Starting from the line with "Hello all, welcome" and going up to and including the line with "The EML 300L", copy the listing below exactly. Leave all images out.
+-------+
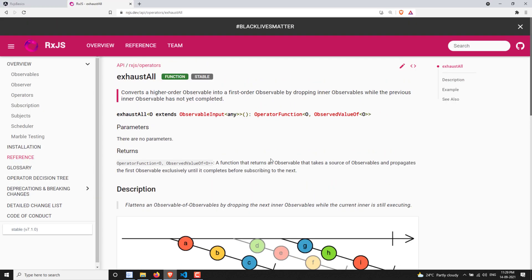This is all about the exhaustAll operator. Hope you understood it. If you have any doubts or questions, please post in the comments below. If you like this video, please support me by subscribing to my channel. Thank you.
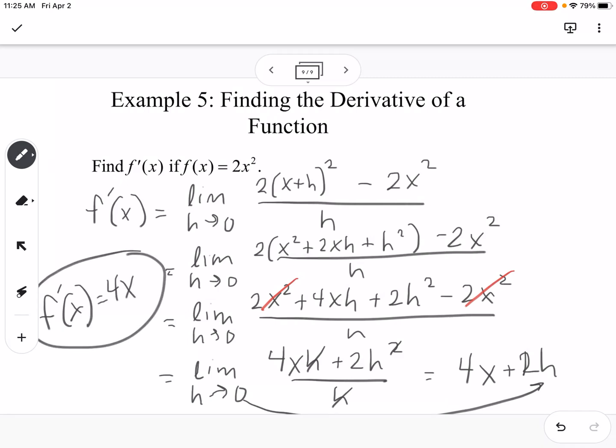Plugging in zero for h gives us a derivative of 4x. This problem just asks for the derivative, so 4x is our answer — it can be used to find the slope at any given point. If we want the slope when x is 1, we get 4; when x is 2, we get 8. You can plug in any number to find the slope at any given point.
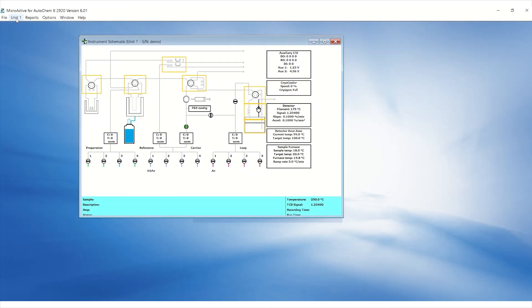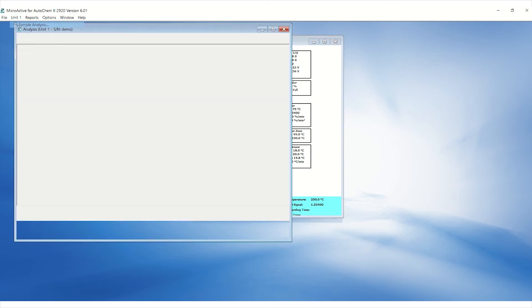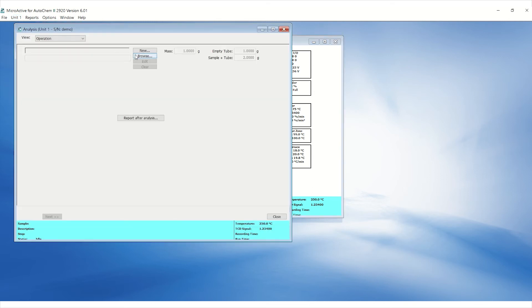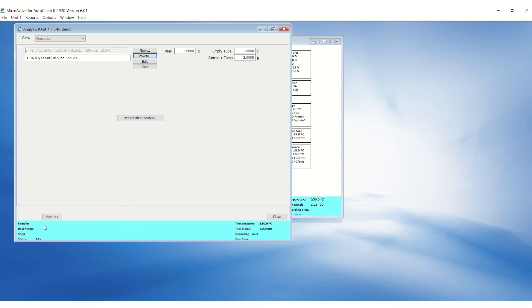To start the calibration, go to the unit menu, sample analysis, and select the SMP file, and then click Next and Start.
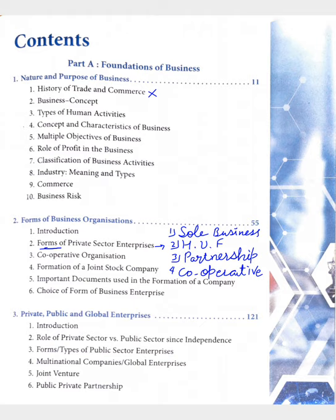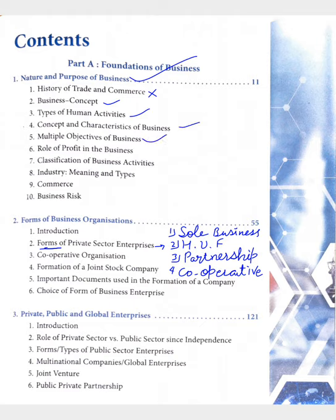First one is Nature and Purpose of Business. In this unit we covered all the topics: first, business and its concept; second, what are the types of human activities; third, concept and characteristics of business; fourth, objectives of business; fifth, role of profit in the business.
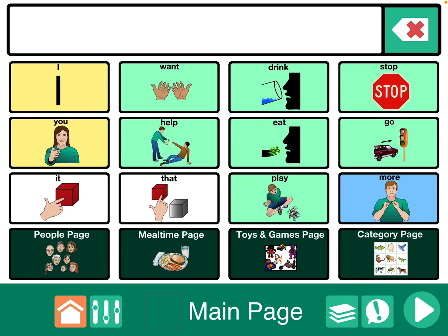Hi, this is Angela Maraud at Amazing Kids AAC Consulting. This question comes up pretty frequently across a variety of AAC apps: how to handle when a user has more than one setup, like more than one user area or more than one communication book.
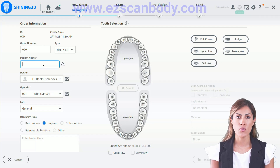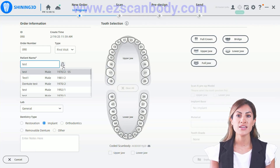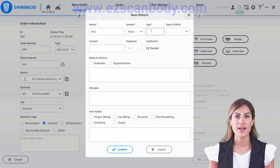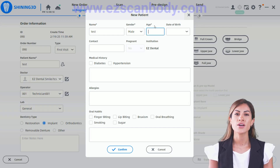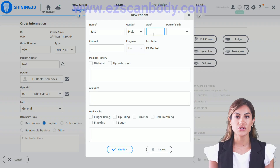To scan an OR1X implant case with a Shining 3D Elite Intraoral Scanner, first enter the patient's name and make sure to include their age, as the software will not proceed without this information.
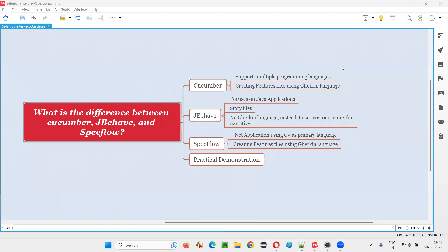Hello all, welcome to this session. In this session, I am going to answer one of the Selenium interview questions. That is, what is the difference between Cucumber, JBehave, and SpecFlow?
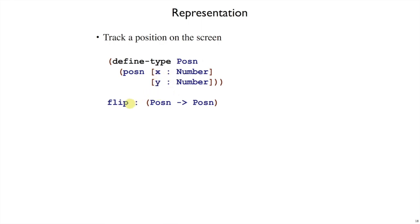So if we're going to write a function flip that's going to flip a position across the diagonal here, then that will take a posen and return a posen. So again, our representation step for this particular problem, we decided that we needed to have a posen data type, and so we wrote a new define type down in plate.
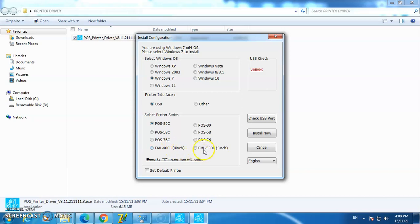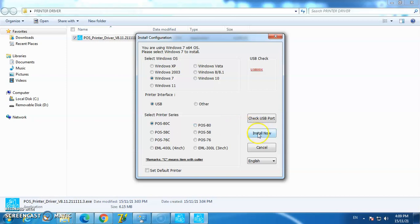The EML 300L is for 3-inch thermal labels. This driver is usually used with Zip Wheel printers but can also be used with other brand printers. Now I'll start the installation.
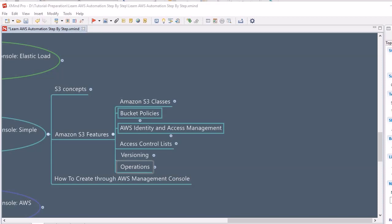Moving further, let's discuss operations in S3. We can perform various operations such as creating an object, writing an object, reading an object, and deleting an object. That's enough theory for this session. In the next session we will do labs and perform the exercises we discussed in the AWS Management Console. That's it for this session — see you in the next one, take care.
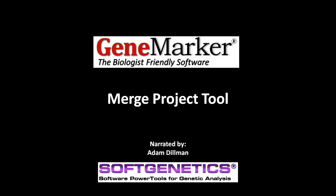Hello, and welcome to this GeneMarker webinar. My name is Adam Dillman, and I'm a biologist at SoftGenetics.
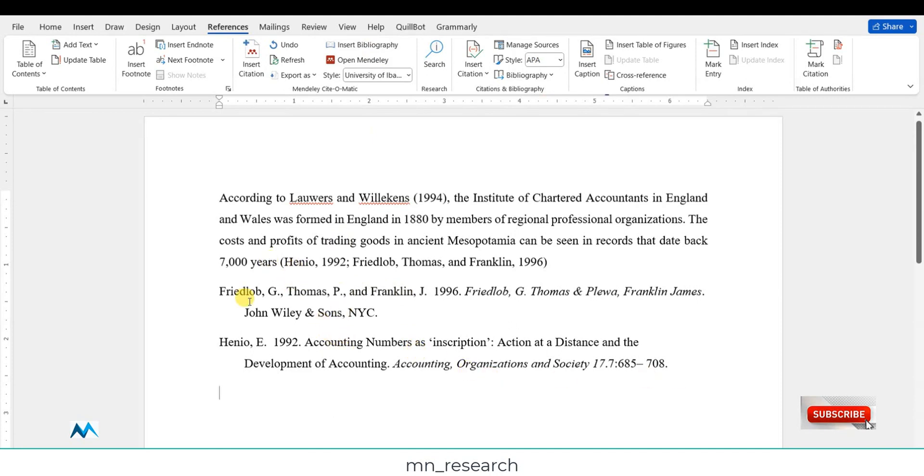So this is how you can match citations in Word document with Mendeley. If you are new to this channel, please hit the subscribe button and click on the bell so that you can get alerts on new uploads. You can also share it with your friends so that they can benefit from the content of this channel. Thank you for watching.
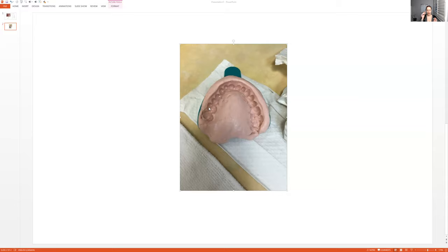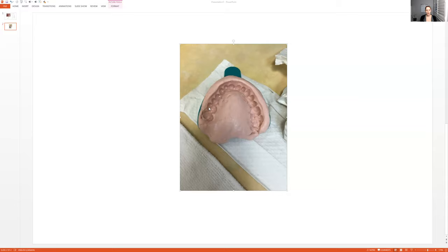So then you would put the tray obviously aside in that damp paper towel and then tell them, okay, how was that? Any questions? They'll probably be looking at you like, oh my God, that was horrible. Let them know the bottom's so much easier because you have a tongue. So less material. You don't take impressions of the tongue, right?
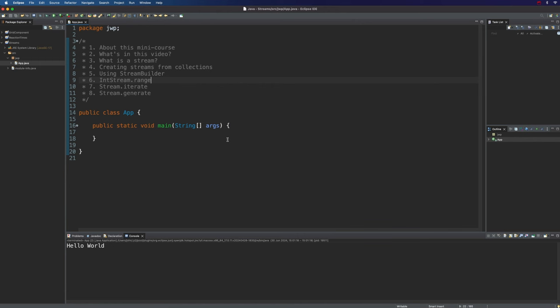Hello, this is John from caveofprogramming.com and this is a short mini course on using streams in Java. In this particular video we're going to talk about creating streams and what a stream actually is, although we're also going to look at a couple of examples of stream operations.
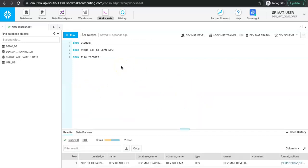So with this, we are now ready with our database, warehouse, file formats, stage, schema, role, and user — all of the things required for starting up with Matillion. In the next video, we will be doing the setup of the Matillion project where we will use the AWS credentials and Snowflake credentials. Thank you so much, see you in the next video.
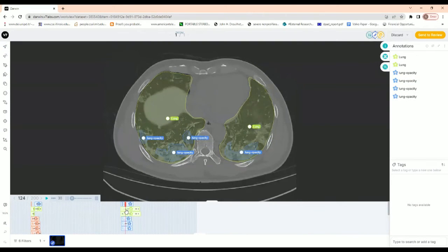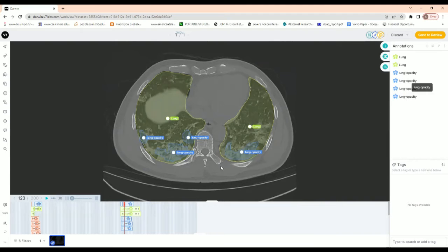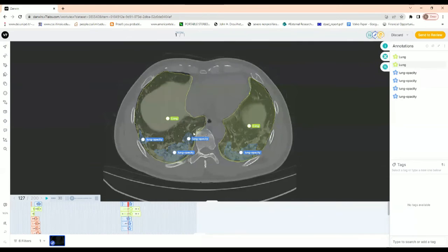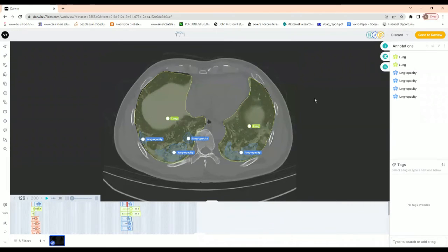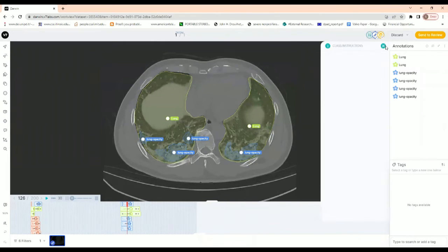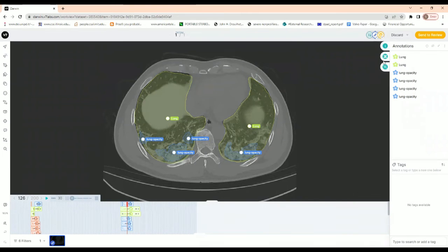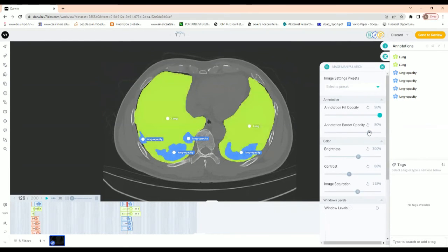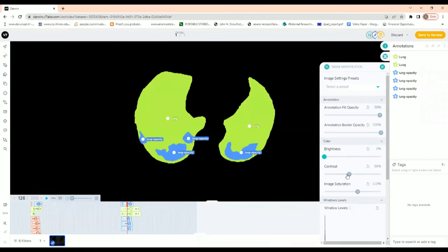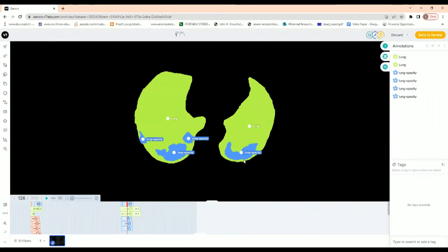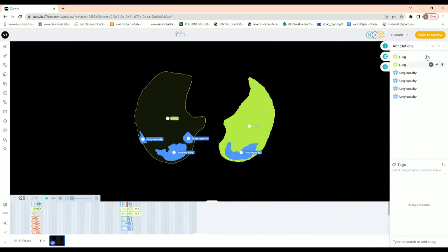Now that we have annotated, I wanted to show you the impact of the layering option in order to get your final semantic segmentation map. As you can see, you have overlapping regions — your lung and your lung opacity, which are overlapping regions of interest. To get an idea of this, we can increase the annotation fill opacity and border opacity, and reduce the brightness and contrast to see what the final semantic segmentation map would look like. Since the lung areas are the large areas, they should be the bottom layers.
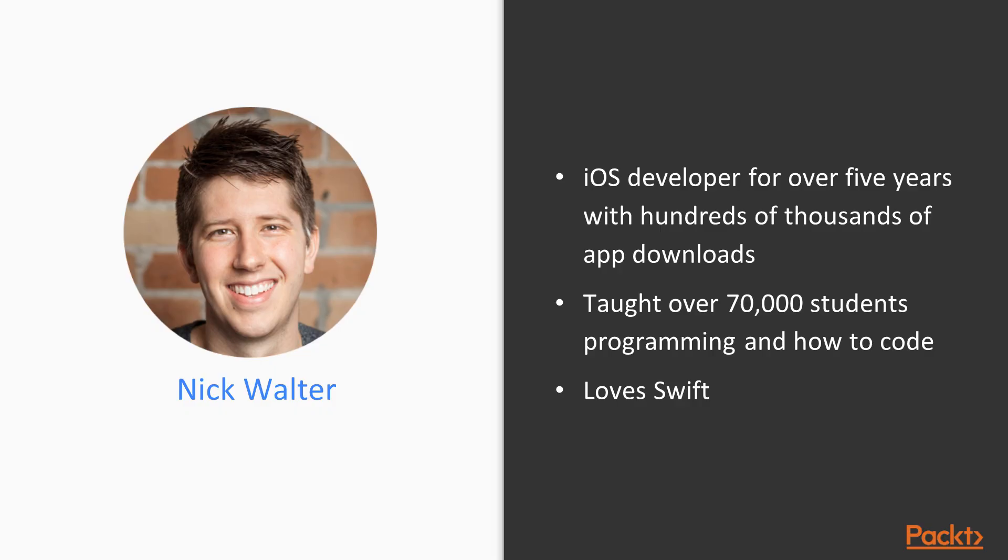Just to give you a little bit of background about myself, I've been an iOS developer for over five years now and all the apps that I've put in the App Store combined have a total of over hundreds of thousands of downloads. I've been down the road quite a bit.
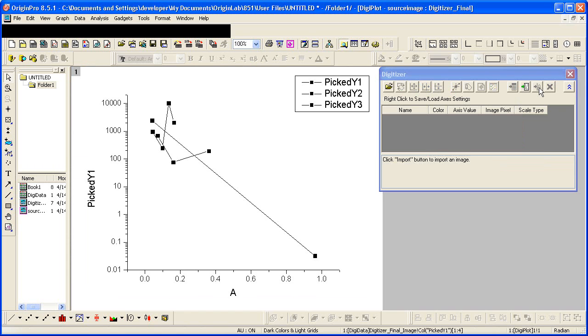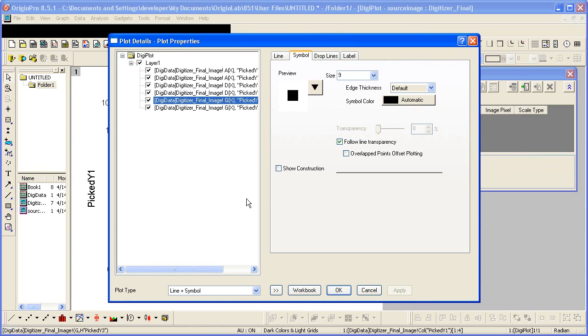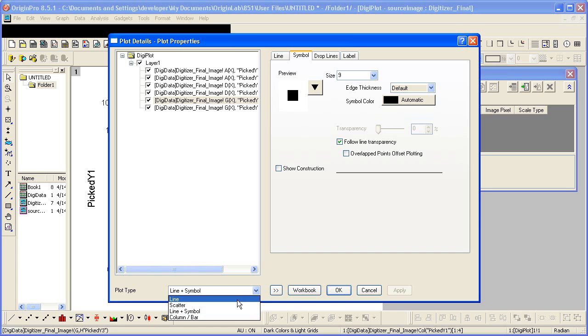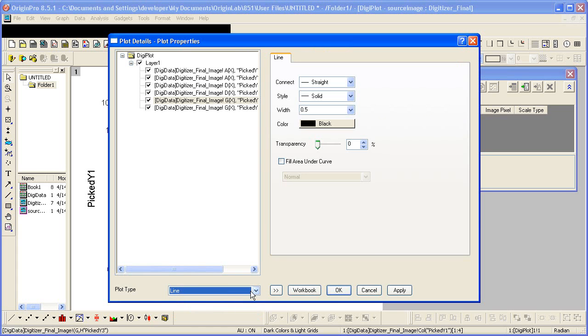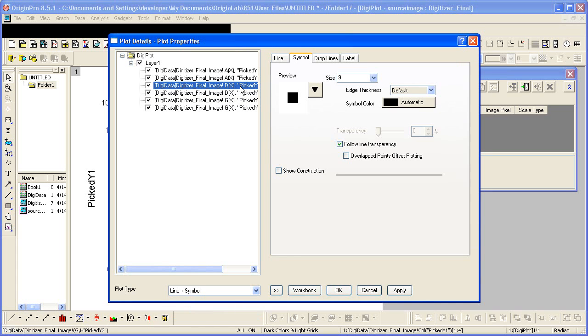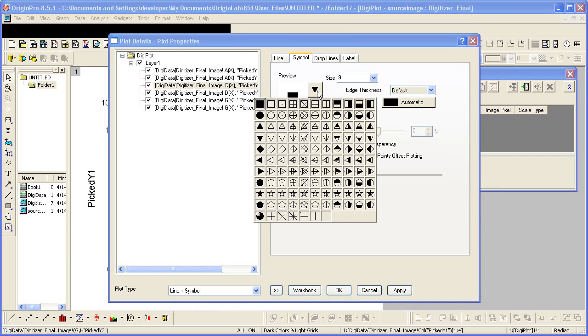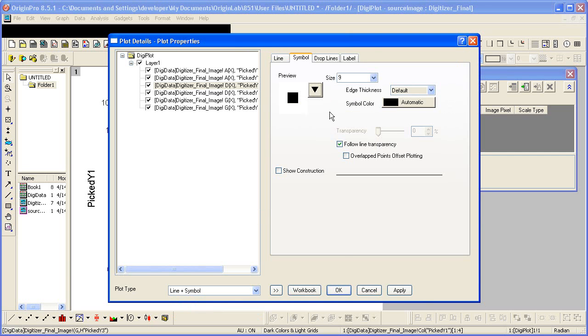If you wanted to change the plot type, you would double click. And like any graph, we can change the plot type as well as the different symbols. As needed.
+-------+
• EXERCISE RESULT:
Hello all, welcome to this session. In this session, I am going to answer one of the Selenium interview questions. That is, what is the difference between Cucumber, JBehave, and SpecFlow?
So if we're going to write a function flip that's going to flip a position across the diagonal here, then that will take a posen and return a posen. So again, our representation step for this particular problem, we decided that we needed to have a posen data type, and so we wrote a new define type down in plate.
The EML 300L is for 3-inch thermal labels. This driver is usually used with Zip Wheel printers but can also be used with other brand printers. Now I'll start the installation.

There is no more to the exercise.